[ASSIGNED TASK] The material below is to be copied exactly from the line with "soie de 5 6" up to and including the line with "Mercedes-Benz GLA 220", with nothing else kept and no pictures.

[DATA SHOWN]
*** Begin section ***
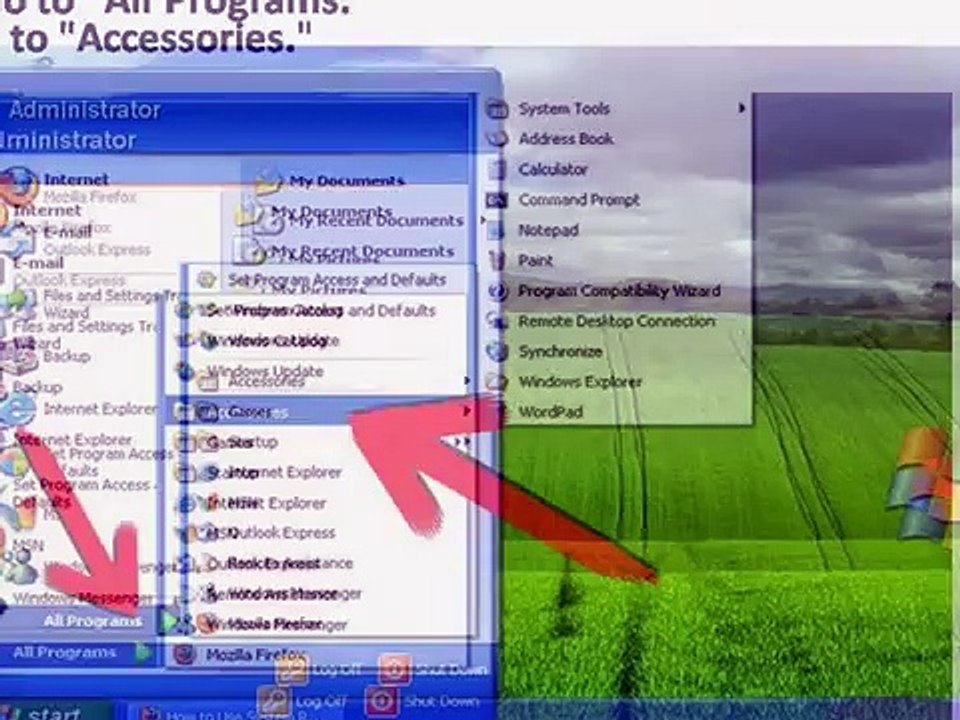 1-888-959-1458||Windows xp technical support USA/Canada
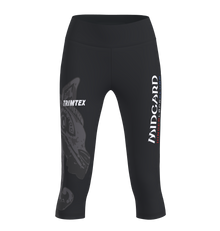 Run 2.0 3/4 Tights Women (9107444859155)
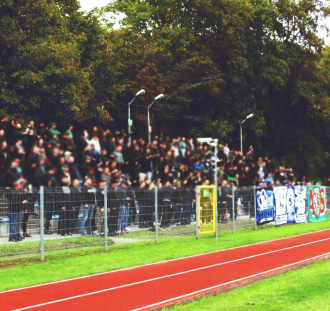 Moto-Jelcz Oława – Górnik Wałbrzych (30)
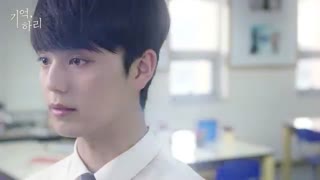 قسمت ششم مینی سریال کره ای به یاد بیار هری ...Remember, Hari1 با زیرنویس آنلاین فارسی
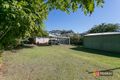 Property photo of 47 Peel Street Redland Bay QLD 4165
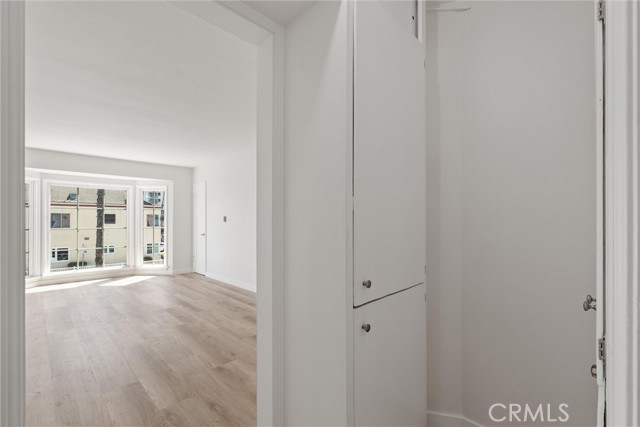 Detail Gallery Image 13 of 18 For 102 Lime Ave #7,  Long Beach,  CA 90802 - 1 Beds | 1 Baths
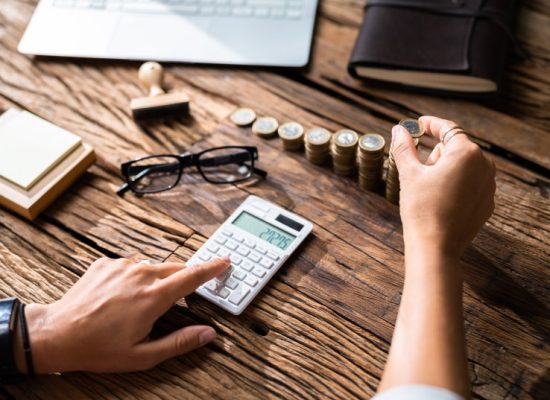 With agency costs on the rise, how should advertisers respond? 6 rising agency costs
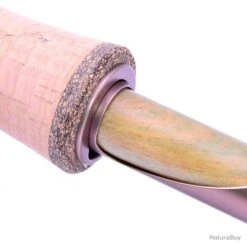 Canne à Mouche Marryat Tactical HX Limited Edition 10' Soie De 5/6 16 Canne à Mouche Marryat Tactical HX Limited Edition 10' Soie De 5/6 -Pêche Soldes Boutique 00005 Canne a mouche Marryat Tactical HX Limited Edition 10 soie de 5 6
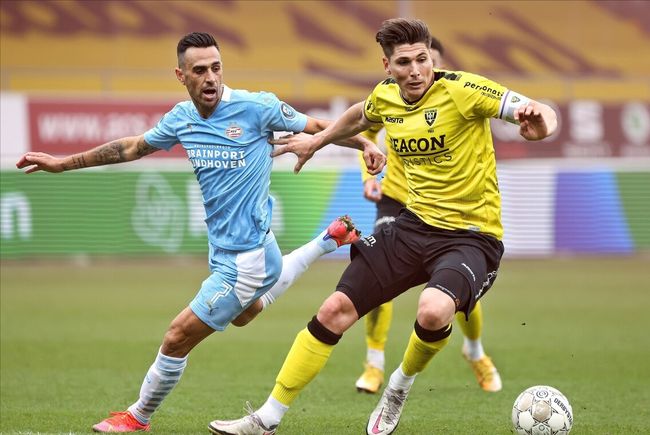 春丽无疑是 春丽无疑是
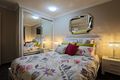 Property photo of 18-20 Torakina Place Hodgson Vale QLD 4352
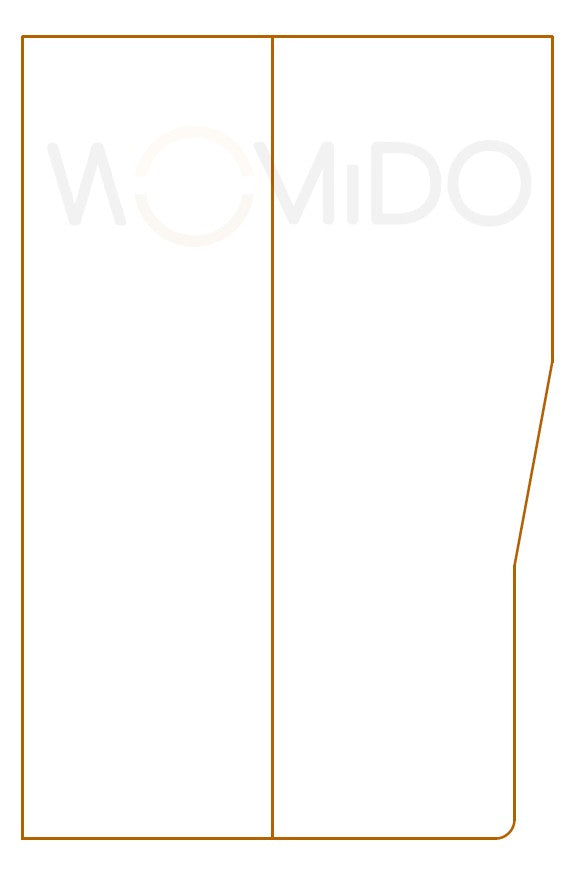 Matratze Sunlight T65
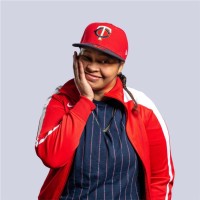 Amareya Allen-Dabney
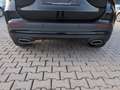 Mercedes-Benz GLA 220 d 4Matic 8G-DCT AMG Line~MultiBeam~Mbux Noir - thumbnail 13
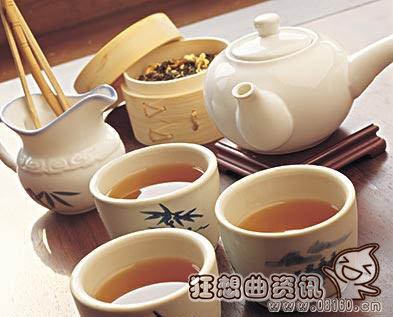 世界三大无酒精饮料是哪些，世界三大无酒精饮料分别起源于哪里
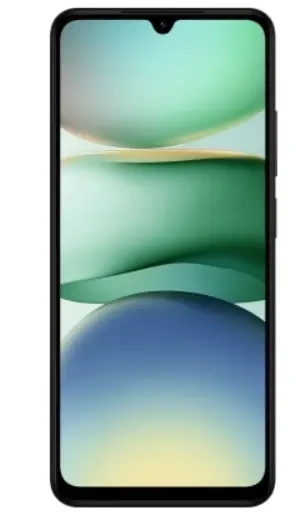 Мобільний телефон Xiaomi Redmi A5 4/128GB 2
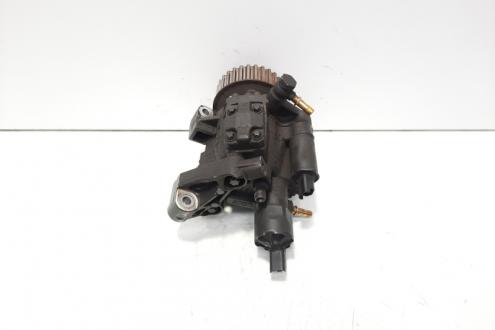 Pompa inalta presiune, cod 8200430599, Renault Scenic 2, 1.5 DCI, K9K732 (id:594640)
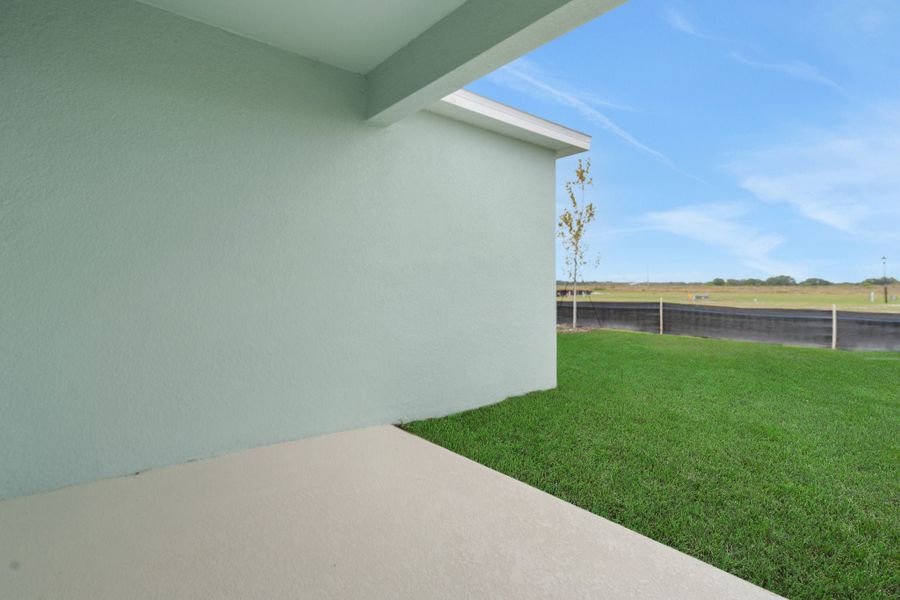 New Home in Lake Wales, FL.  - Slide 6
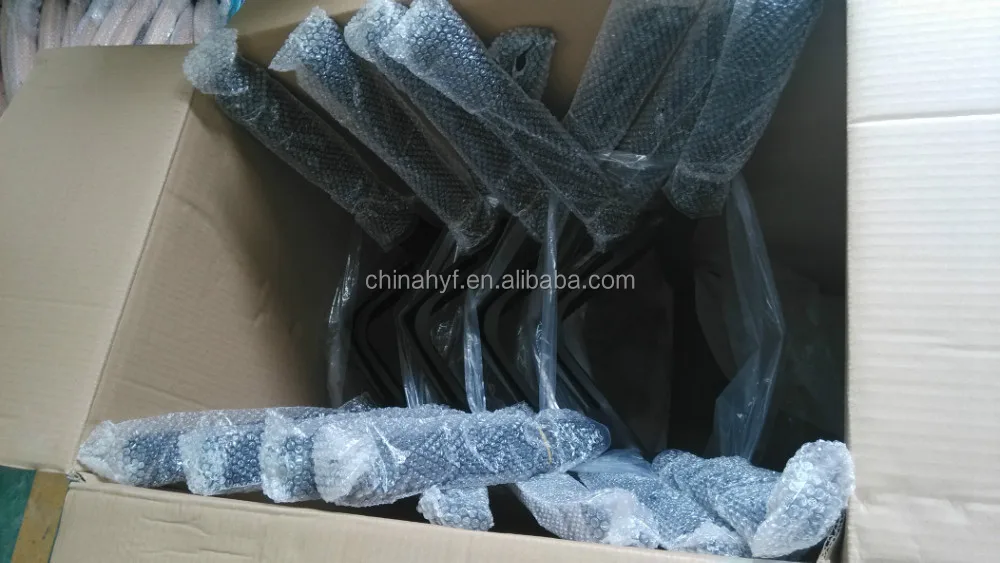 
Miura составной красочный пластиковый SEDEX утвержденный барный стул 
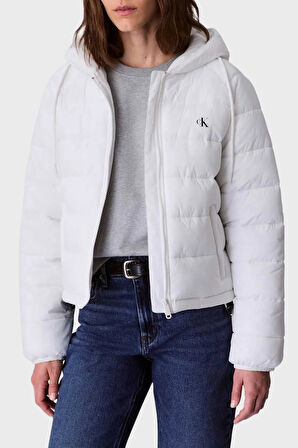 Calvin Klein Bayan Mont LV047C521G HW6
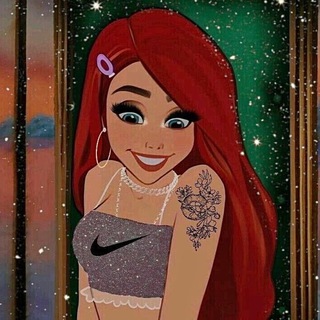 Логотип канала ariel_wb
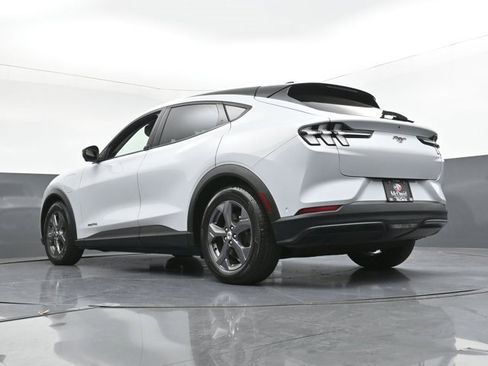 Used 2023 Ford Mustang Mach-E Select image 27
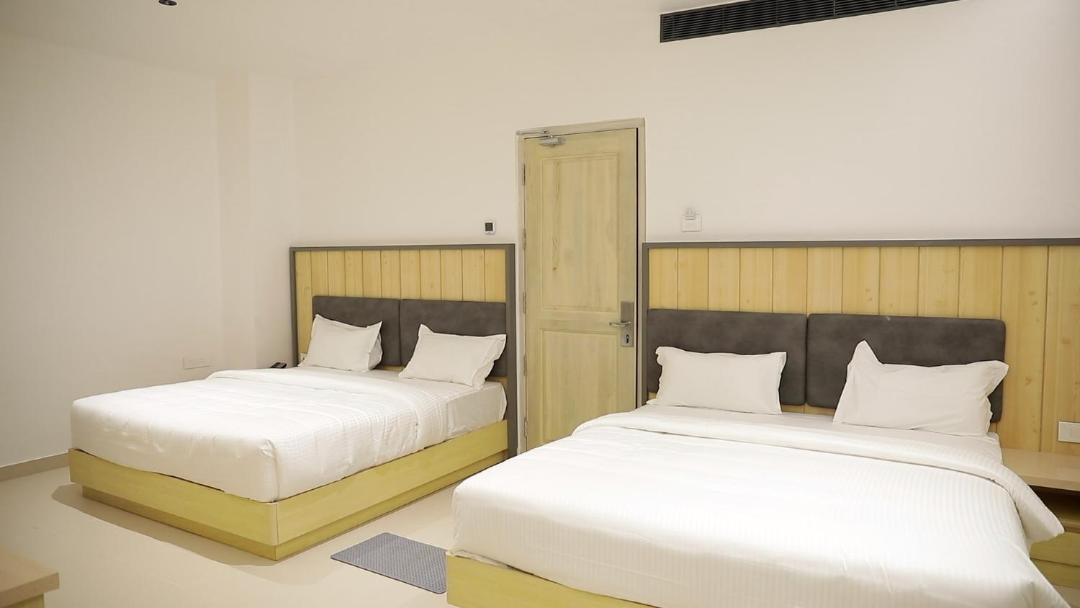 Photo of Bedroom in Tirupur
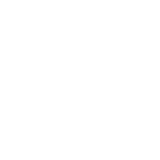 Diagnosis graphic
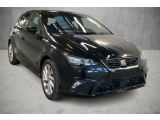 Seat Ibiza bei Gebrauchtwagen.expert - Abbildung (5 / 8)
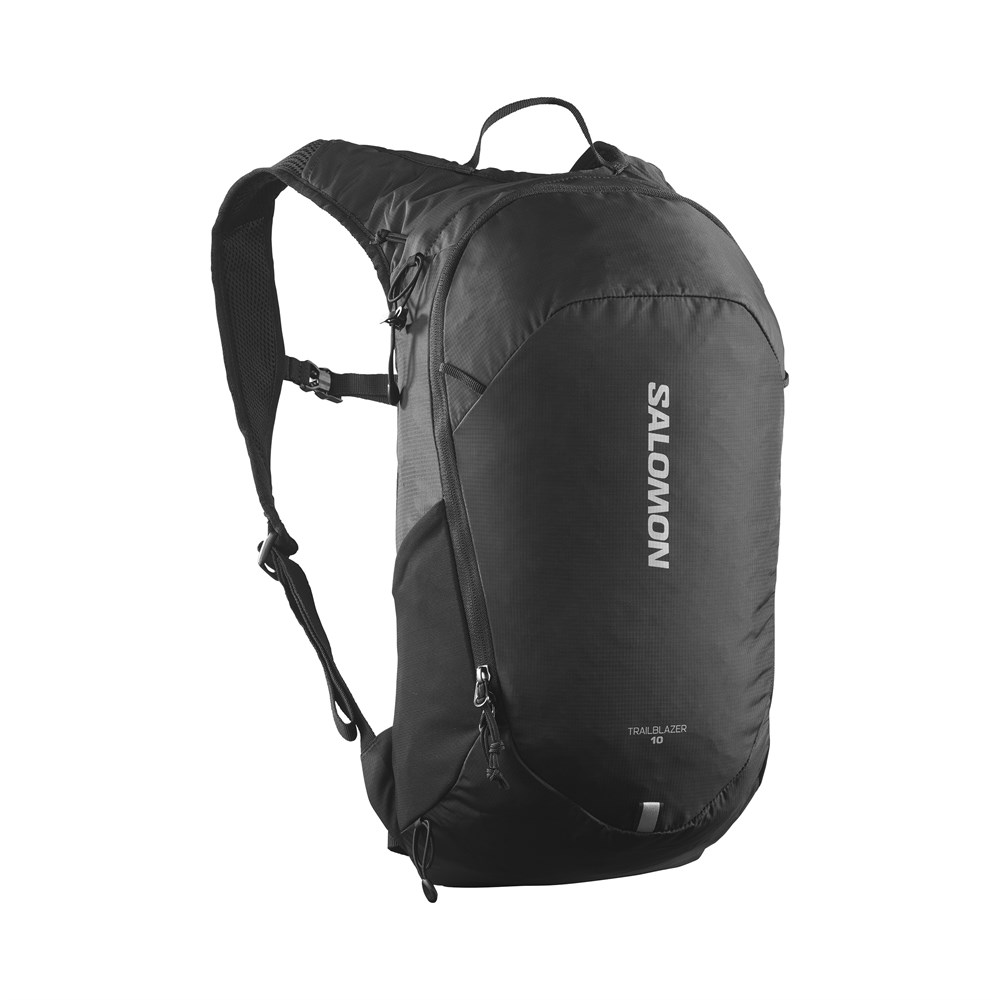Купить оптом Рюкзак Salomon TRAILBLAZER 10 LC2182900 LC2182900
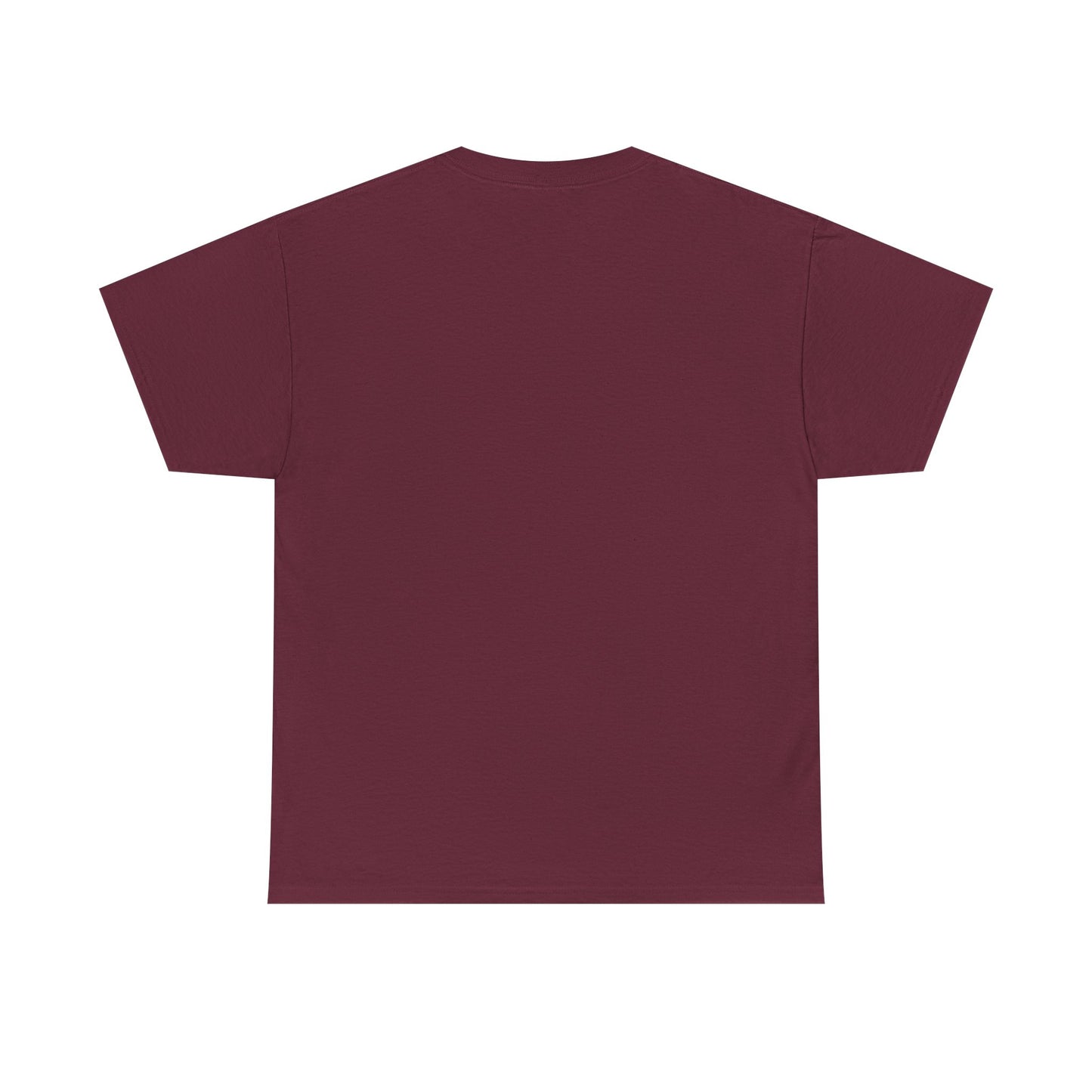 Sex Playground T-shirt - Retro Au Go Go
*** End section ***
[PROBLEM SOLUTION]
 Canne à Mouche Marryat Tactical HX Limited Edition 10' Soie De 5/6 16 Canne à Mouche Marryat Tactical HX Limited Edition 10' Soie De 5/6 -Pêche Soldes Boutique 00005 Canne a mouche Marryat Tactical HX Limited Edition 10 soie de 5 6
 春丽无疑是 春丽无疑是
 Property photo of 18-20 Torakina Place Hodgson Vale QLD 4352
 Matratze Sunlight T65
 Amareya Allen-Dabney
 Mercedes-Benz GLA 220 d 4Matic 8G-DCT AMG Line~MultiBeam~Mbux Noir - thumbnail 13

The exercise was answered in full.